Du charbon y a été découvert au tout début du siècle qui pouvait alimenter les bateaux à vapeur reliant les Etats-Unis à la Chine. Pour la première fois, des hommes s'y installent. En 1890, l'île est vendue à Mitsubishi (conglomérat fondé en 1869). Le Japon de Meiji s'envole, et Hashima va vivre les vicissitudes de cet Etat conquérant, guerrier et décidé à mettre la main sur l'Asie. En 1916, 3 000 personnes y vivent, malgré des conditions difficiles. Mitsubishi construit, nouveauté au Japon, des habitations en béton pour abriter les mineurs et leurs familles.
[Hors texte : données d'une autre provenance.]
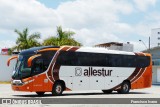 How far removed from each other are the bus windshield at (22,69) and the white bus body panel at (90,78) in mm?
2180

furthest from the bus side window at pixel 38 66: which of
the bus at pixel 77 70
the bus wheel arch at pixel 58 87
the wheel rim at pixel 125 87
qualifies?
the wheel rim at pixel 125 87

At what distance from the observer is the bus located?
22.2 meters

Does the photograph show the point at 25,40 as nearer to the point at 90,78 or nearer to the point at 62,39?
the point at 62,39

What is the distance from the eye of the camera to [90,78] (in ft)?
83.2

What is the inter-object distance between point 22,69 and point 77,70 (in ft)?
12.3

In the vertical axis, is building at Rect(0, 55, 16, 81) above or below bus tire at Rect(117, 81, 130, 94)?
above

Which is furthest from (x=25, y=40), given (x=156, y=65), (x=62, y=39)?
(x=156, y=65)

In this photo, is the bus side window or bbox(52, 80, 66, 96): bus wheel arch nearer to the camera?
the bus side window

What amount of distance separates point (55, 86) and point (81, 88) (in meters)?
2.23

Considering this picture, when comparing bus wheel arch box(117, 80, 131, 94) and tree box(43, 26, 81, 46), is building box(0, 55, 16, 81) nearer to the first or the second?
tree box(43, 26, 81, 46)

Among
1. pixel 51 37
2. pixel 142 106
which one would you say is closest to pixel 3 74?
pixel 51 37

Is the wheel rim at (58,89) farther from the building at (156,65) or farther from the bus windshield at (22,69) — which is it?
the building at (156,65)

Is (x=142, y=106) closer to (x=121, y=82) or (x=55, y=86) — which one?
(x=55, y=86)

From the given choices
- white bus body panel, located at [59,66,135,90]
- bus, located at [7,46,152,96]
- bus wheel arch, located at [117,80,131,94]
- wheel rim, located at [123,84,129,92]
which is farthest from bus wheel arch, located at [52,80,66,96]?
wheel rim, located at [123,84,129,92] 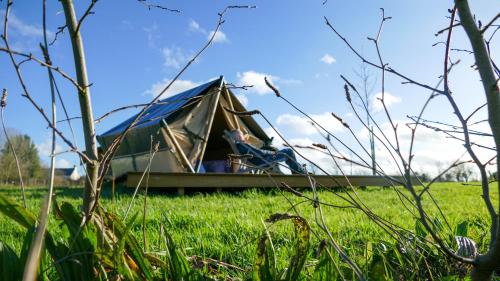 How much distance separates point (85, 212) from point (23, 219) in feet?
0.44

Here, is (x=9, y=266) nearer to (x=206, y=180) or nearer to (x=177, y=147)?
(x=206, y=180)

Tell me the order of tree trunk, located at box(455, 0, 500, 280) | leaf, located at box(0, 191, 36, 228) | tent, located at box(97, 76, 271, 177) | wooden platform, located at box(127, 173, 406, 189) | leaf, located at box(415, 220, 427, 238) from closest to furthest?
tree trunk, located at box(455, 0, 500, 280) → leaf, located at box(0, 191, 36, 228) → leaf, located at box(415, 220, 427, 238) → wooden platform, located at box(127, 173, 406, 189) → tent, located at box(97, 76, 271, 177)

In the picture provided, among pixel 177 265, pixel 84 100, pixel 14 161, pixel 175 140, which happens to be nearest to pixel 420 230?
pixel 177 265

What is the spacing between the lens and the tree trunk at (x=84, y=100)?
0.89m

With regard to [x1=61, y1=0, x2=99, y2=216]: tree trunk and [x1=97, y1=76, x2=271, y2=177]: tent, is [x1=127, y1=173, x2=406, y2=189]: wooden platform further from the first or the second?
[x1=61, y1=0, x2=99, y2=216]: tree trunk

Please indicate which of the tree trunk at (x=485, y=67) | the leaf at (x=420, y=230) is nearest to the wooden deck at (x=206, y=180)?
the leaf at (x=420, y=230)

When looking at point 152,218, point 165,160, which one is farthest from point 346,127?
point 165,160

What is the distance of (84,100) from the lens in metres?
0.90

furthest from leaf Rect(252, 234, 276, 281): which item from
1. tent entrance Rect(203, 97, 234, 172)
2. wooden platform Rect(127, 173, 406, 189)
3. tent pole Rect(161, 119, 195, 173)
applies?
tent entrance Rect(203, 97, 234, 172)

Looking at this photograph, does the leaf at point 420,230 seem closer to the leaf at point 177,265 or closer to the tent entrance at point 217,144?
the leaf at point 177,265

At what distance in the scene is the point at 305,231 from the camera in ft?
3.00

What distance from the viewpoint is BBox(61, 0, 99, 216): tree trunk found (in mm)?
890

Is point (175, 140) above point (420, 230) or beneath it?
above

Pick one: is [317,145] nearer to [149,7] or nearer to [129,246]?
[129,246] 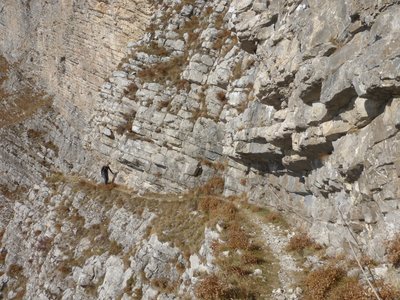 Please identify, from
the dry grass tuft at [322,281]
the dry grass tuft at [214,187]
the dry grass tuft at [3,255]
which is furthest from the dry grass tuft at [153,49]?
the dry grass tuft at [322,281]

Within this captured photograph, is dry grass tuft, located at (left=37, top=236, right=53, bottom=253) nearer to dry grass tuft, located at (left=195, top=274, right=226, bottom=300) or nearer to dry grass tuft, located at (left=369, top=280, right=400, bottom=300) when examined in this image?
dry grass tuft, located at (left=195, top=274, right=226, bottom=300)

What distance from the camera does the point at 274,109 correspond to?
17000 mm

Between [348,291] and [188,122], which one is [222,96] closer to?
[188,122]

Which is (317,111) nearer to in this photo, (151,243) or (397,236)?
(397,236)

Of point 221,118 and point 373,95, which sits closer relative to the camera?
point 373,95

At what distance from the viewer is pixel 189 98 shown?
2375 cm

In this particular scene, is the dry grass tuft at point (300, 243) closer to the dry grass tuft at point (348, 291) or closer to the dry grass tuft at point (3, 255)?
the dry grass tuft at point (348, 291)

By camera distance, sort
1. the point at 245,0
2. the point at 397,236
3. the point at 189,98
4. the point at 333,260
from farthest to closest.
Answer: the point at 189,98 → the point at 245,0 → the point at 333,260 → the point at 397,236

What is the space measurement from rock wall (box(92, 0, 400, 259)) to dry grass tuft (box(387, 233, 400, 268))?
0.35 metres

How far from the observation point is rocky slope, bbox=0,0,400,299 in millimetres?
10773

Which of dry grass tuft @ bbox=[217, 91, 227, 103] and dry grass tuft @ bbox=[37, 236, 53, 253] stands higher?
dry grass tuft @ bbox=[217, 91, 227, 103]

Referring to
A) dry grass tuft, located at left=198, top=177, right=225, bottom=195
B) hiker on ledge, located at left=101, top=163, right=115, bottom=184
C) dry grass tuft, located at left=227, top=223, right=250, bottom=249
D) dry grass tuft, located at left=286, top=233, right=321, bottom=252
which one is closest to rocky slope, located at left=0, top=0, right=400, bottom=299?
dry grass tuft, located at left=198, top=177, right=225, bottom=195

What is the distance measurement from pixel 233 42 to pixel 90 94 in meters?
14.8

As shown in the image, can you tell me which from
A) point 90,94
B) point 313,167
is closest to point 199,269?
point 313,167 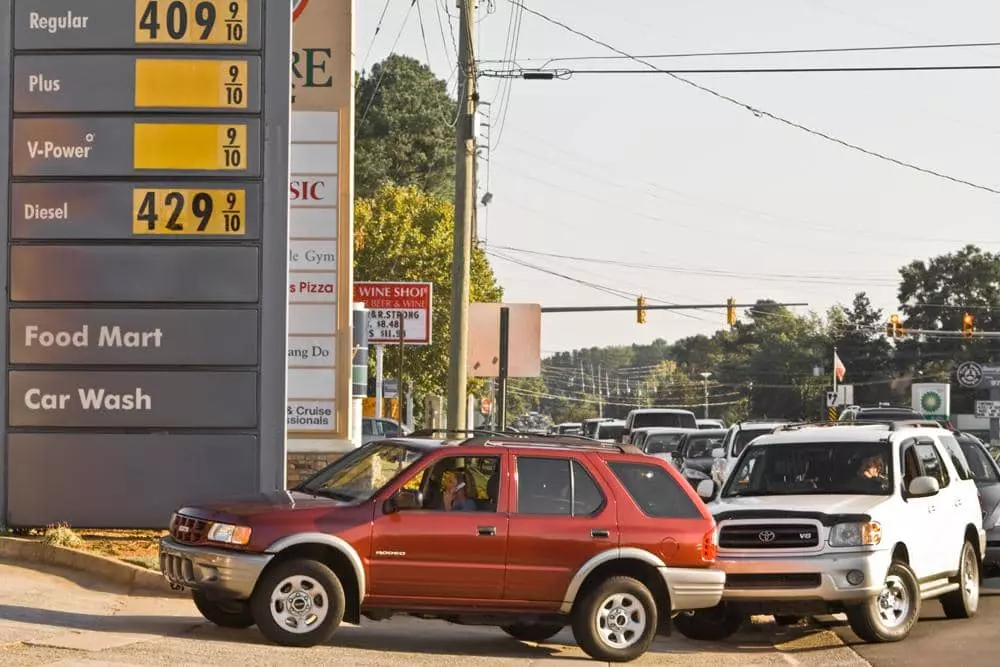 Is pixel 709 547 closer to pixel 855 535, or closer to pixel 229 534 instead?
pixel 855 535

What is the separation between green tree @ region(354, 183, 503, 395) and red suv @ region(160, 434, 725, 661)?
1971 inches

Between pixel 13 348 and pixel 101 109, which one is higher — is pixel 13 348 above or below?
Result: below

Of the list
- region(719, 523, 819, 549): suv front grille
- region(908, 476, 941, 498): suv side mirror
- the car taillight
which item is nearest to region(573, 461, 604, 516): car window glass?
the car taillight

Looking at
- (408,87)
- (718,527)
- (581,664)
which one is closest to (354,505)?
(581,664)

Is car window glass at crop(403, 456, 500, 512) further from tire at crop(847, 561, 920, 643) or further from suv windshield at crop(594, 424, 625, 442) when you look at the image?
suv windshield at crop(594, 424, 625, 442)

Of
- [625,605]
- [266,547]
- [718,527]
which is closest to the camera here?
[266,547]

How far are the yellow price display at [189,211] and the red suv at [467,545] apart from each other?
15.5ft

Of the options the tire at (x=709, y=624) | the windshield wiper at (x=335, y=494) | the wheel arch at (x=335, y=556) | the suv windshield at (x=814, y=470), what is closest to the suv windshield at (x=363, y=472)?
the windshield wiper at (x=335, y=494)

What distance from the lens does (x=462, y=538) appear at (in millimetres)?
12852

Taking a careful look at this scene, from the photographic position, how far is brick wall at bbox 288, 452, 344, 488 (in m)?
21.9

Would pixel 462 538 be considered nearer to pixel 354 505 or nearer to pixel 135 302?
pixel 354 505

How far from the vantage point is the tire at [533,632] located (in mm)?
14211

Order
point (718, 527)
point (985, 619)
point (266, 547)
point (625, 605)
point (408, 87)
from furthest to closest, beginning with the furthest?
point (408, 87)
point (985, 619)
point (718, 527)
point (625, 605)
point (266, 547)

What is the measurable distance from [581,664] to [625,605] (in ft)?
1.89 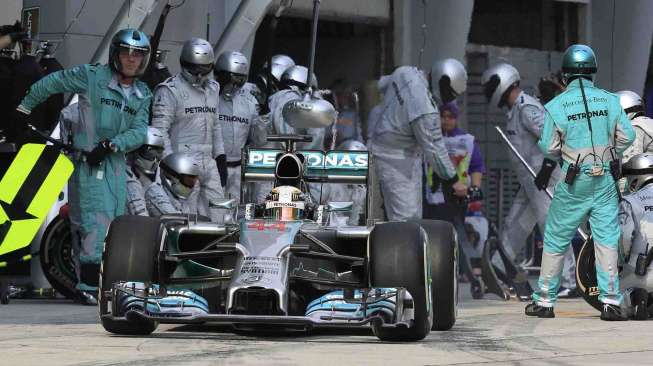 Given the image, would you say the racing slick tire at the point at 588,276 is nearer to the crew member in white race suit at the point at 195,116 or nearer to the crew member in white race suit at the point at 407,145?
the crew member in white race suit at the point at 407,145

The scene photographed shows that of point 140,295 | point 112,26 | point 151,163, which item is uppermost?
point 112,26

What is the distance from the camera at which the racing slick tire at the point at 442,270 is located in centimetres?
1074

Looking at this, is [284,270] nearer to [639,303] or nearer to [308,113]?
[639,303]

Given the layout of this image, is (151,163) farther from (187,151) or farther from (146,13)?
(146,13)

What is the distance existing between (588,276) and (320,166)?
105 inches

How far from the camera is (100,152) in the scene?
45.3 ft

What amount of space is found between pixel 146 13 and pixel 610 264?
5.96m

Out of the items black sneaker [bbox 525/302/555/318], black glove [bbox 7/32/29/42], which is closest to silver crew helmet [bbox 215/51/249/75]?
black glove [bbox 7/32/29/42]

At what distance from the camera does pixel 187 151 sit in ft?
48.7

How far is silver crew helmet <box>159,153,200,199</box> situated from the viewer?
1458 centimetres

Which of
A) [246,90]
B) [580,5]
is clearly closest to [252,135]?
[246,90]

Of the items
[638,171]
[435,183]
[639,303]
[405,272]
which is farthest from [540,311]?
[435,183]

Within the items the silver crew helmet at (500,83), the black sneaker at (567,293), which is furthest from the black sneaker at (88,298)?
the silver crew helmet at (500,83)

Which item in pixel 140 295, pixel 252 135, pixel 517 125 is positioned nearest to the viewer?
pixel 140 295
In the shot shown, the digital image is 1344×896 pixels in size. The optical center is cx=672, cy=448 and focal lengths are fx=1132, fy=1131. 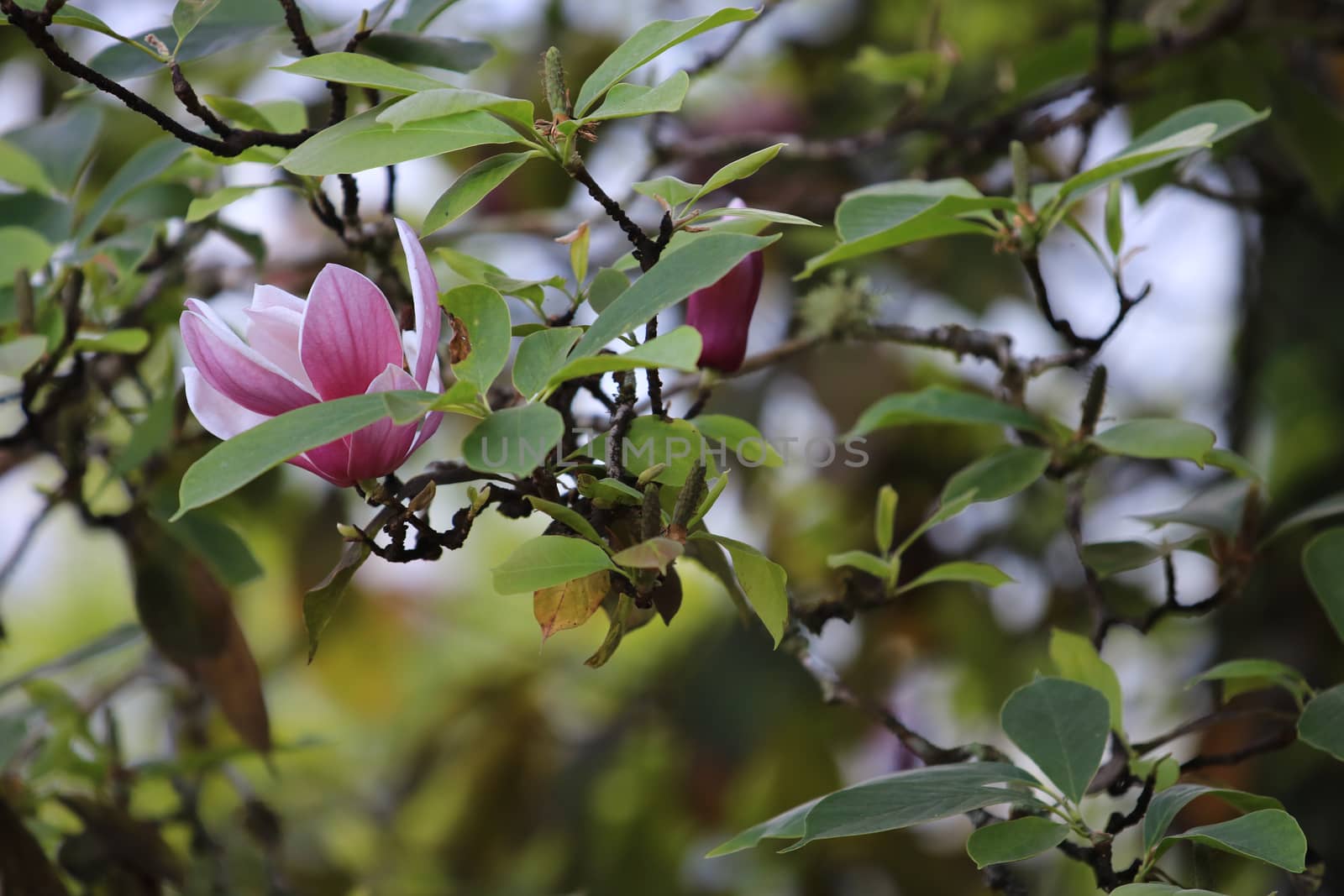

Une petite ville se met en place, de l'espace est gagné sur la mer. Les habitations sont spartiates, telles des cellules monacales. Les toilettes, les salles de bains et les cuisines sont collectives. Hashima participe à l'effort de guerre. En 1941, année de l'attaque japonaise contre le port américain de Pearl Harbor, la production annuelle est de 410 000 tonnes de charbon. Des Chinois et des Coréens y sont envoyés pour remplacer les Japonais, partis au combat. En arrivant à Hashima, coupés du monde, ils perdent tout espoir. "L'île était entourée de hauts murs en béton et il y avait l'océan, rien d'autre que l'océan tout autour. C'était rempli d'immeubles en béton dont certains avaient huit étages", se souvient un survivant coréen, Suh Jung-woo, cité dans The Ghost Island, publié en 1996 par Brian Burke-Gaffney. Constamment surveillé par des gardes, il pense ne pas sortir vivant de cet enfer maritime. "Quatre ou cinq mineurs mouraient par mois dans des accidents. [...] Aujourd'hui, les gens appellent Hashima l'île cuirassé, pour nous, c'était une île prison sans espoir de fuite."
"PHARE ÉTRANGE ET ÉTEINT"
La bombe atomique qui ravage la ville voisine de Nagasaki marque la fin du conflit et des rêves de grandeur de l'Empire. Hashima participe à la reconstruction et "ressuscite" grâce à la guerre de Corée. En 1959, 5 259 personnes y vivent, soit la plus forte densité au monde. La ville est à son apogée, des écoles ont été ouvertes, tout comme des bars, un cinéma, un temple bouddhiste, un sanctuaire shintoïste et même un bordel. Tout doit être apporté de l'extérieur, même la terre, utilisée en 1963 pour créer des jardins d'agrément sur les toits des immeubles. Les habitants y font pousser des fleurs et cultivent des légumes. Mais, à la fin des années 1960, le pétrole remplace le charbon. L'île se désertifie peu à peu. La mine d'Hashima ferme en 1974, et les derniers habitants quittent l'île dans la foulée. Depuis, l'endroit est devenu un lieu fréquenté uniquement par les touristes. "Désormais abandonnée et oubliée, Hashima garde l'entrée du port de Nagasaki tel un phare étrange et éteint", écrit Brian Burke-Gaffney, pour qui l'île est aussi un avertissement au monde productiviste. Dans les journaux, le gouvernement japonais a utilisé des photographies de l'île pour des campagnes publicitaires en faveur des économies d'énergie.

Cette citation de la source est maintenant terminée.